Breakthroughs: Does anybody have small successes/breakthroughs speaking Cymraeg they want to share?

Great Clare, diolch yn fawr. I’ll try and make it and maybe bring a friend.

1 Like

Hope to are you there!

This Saturday in Llandudno :sunglasses:

Wela i di yno gobeithio :slight_smile:

1 Like

Mae tywydd yn edrych yn dda :beach_umbrella:

I wish I was in Llandudno. The forecast where I’m at is predicting upper eighties to mid-nineties for this week. (30-34°C). We have 31% humidity right now, and it’s miserable outside.

This week’s challenge for me at Week 4 on the Deep End is to learn a song—by heart.

I know what it will be and so far can manage the first verse of a beautiful Plygain carol that I love. It’s long though. However, there are still 167 days to Christmas… maybe 166 where you are… just saying.

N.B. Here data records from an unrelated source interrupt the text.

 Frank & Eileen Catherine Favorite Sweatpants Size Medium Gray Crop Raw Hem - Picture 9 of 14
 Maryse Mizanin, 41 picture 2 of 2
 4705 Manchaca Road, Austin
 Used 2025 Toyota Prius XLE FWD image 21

Now wouldn’t that be brilliant… a Slack Plygain session around the world with folk chiming in as tradition would have us do and local time zones allow.

3 Likes

That sounds great. A 24 hour, online, Plygain. Count me in!

1 Like

Dw i ar y fford yn cerdedd o gorsaf tren.

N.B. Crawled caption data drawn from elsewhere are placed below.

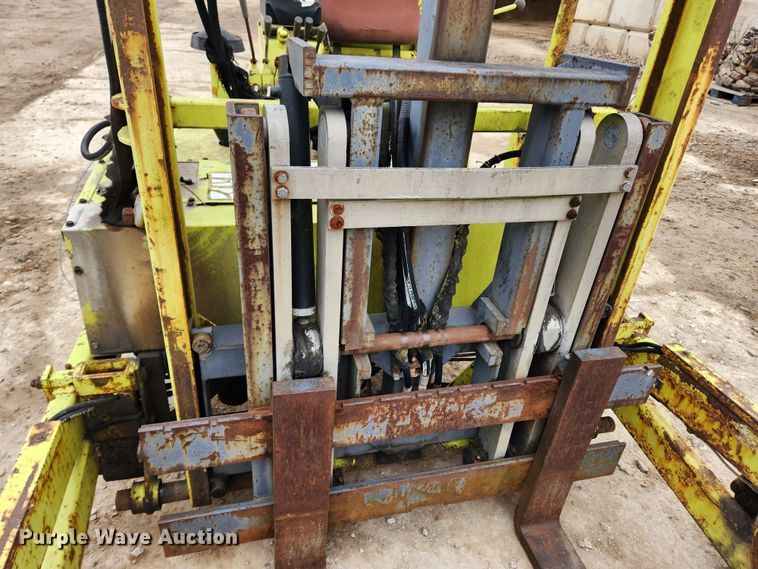 image for item KT9370 1990 International 4900  flatbed truck with forklift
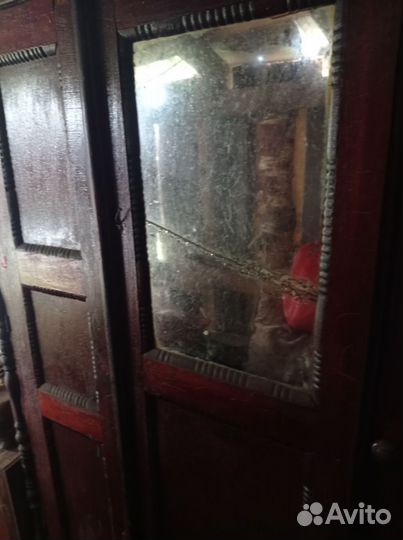 Старинный буфет и шифоньер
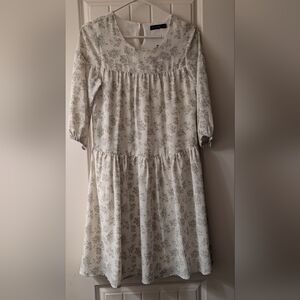 Mikarose Dress Floral XS Green And Cream Spring Tiered Blake Meadow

Lle mae pawb? Mae’na tri o honnyn ni yn y bar.

I have so many!

  1. I had a joking/playful argument with my friend in Caernarfon about sports (started over him dismissing the US women’s FIFA victory because they’re women :roll_eyes:), including some sassy responses on my part

  2. Accidentally understood a full line in Heno Yn Yr Anglesey once I learned the word “aros”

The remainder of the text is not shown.